• [Required work] Only the lines from the one containing "NEW: LG - 4.5" through the end of the entries should be returned, exactly as they are, with the pictures omitted.

[Short text fragments from websites]
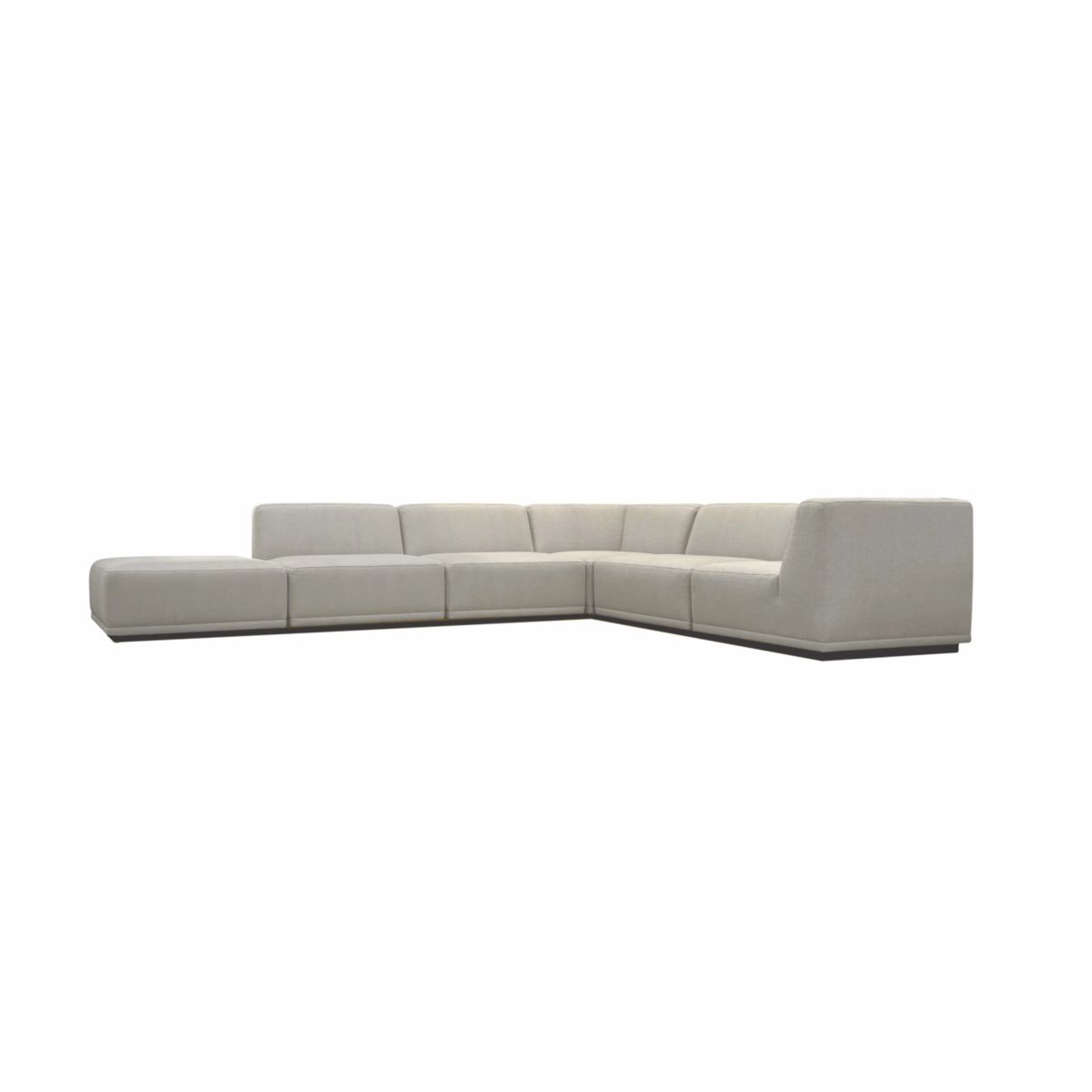 New York | Hjørnesofa med open-end |seks moduler, Teddy/bouclé beige stof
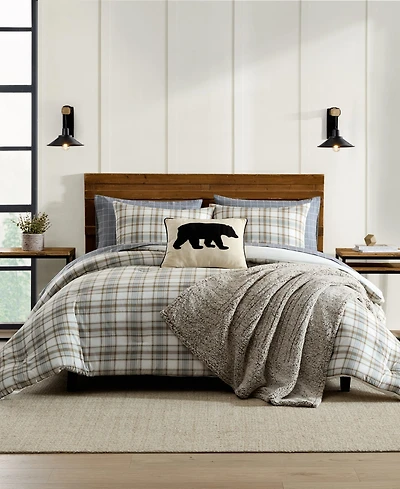 Eddie Bauer Ashland Plaid Cotton Reversible 3-Pc. Comforter Set, King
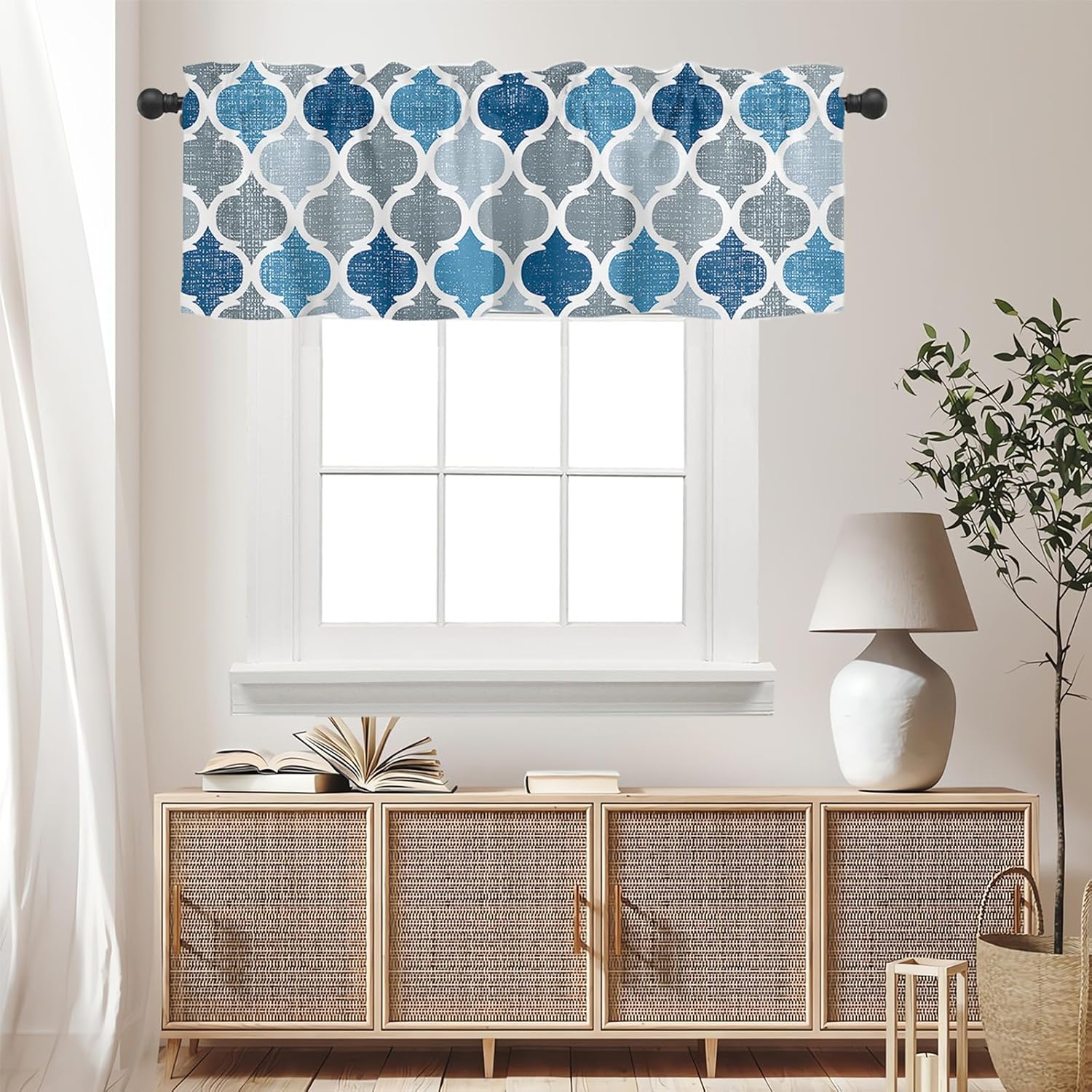Cenefas geométricas de azulejos de Marruecos para ventanas, cenefas de cortina modernas con bolsillo para cortinero, tratamientos de ventana para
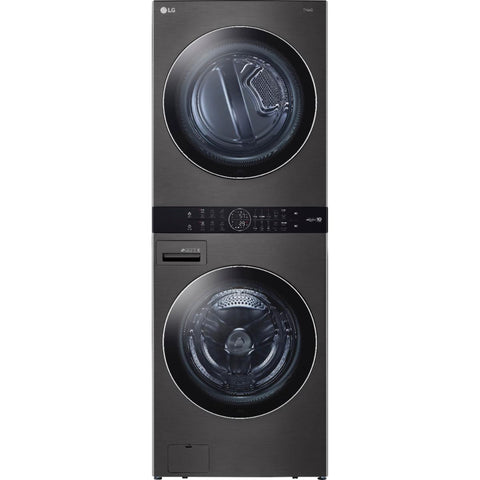 NEW: LG - 4.5 Cu. Ft. HE Smart Front Load Washer and 7.4 Cu. Ft. Electric Dryer WashTower with Steam and Built-In Intelligence - Black steel Model:WKEX200HBA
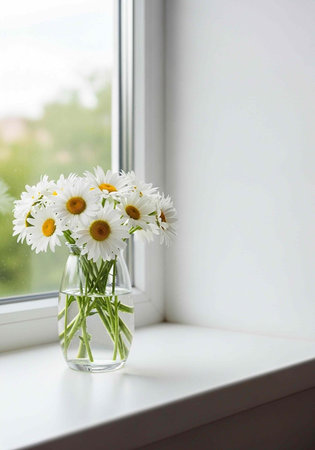 A clear vase with white daisies sits on a windowsill with a blurred green outdoor view.の写真素材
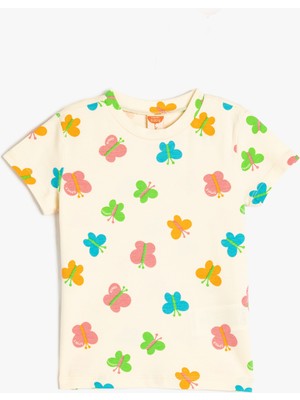 Koton  Bej Kız Bebek T-Shirt 5SMG10018AK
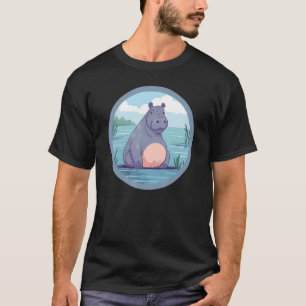 Hippopotamus Women's Niedliches Hippo Zootier Tier T-Shirt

• [Solved exercise]
 NEW: LG - 4.5 Cu. Ft. HE Smart Front Load Washer and 7.4 Cu. Ft. Electric Dryer WashTower with Steam and Built-In Intelligence - Black steel Model:WKEX200HBA
 A clear vase with white daisies sits on a windowsill with a blurred green outdoor view.の写真素材
 Koton  Bej Kız Bebek T-Shirt 5SMG10018AK
 Hippopotamus Women's Niedliches Hippo Zootier Tier T-Shirt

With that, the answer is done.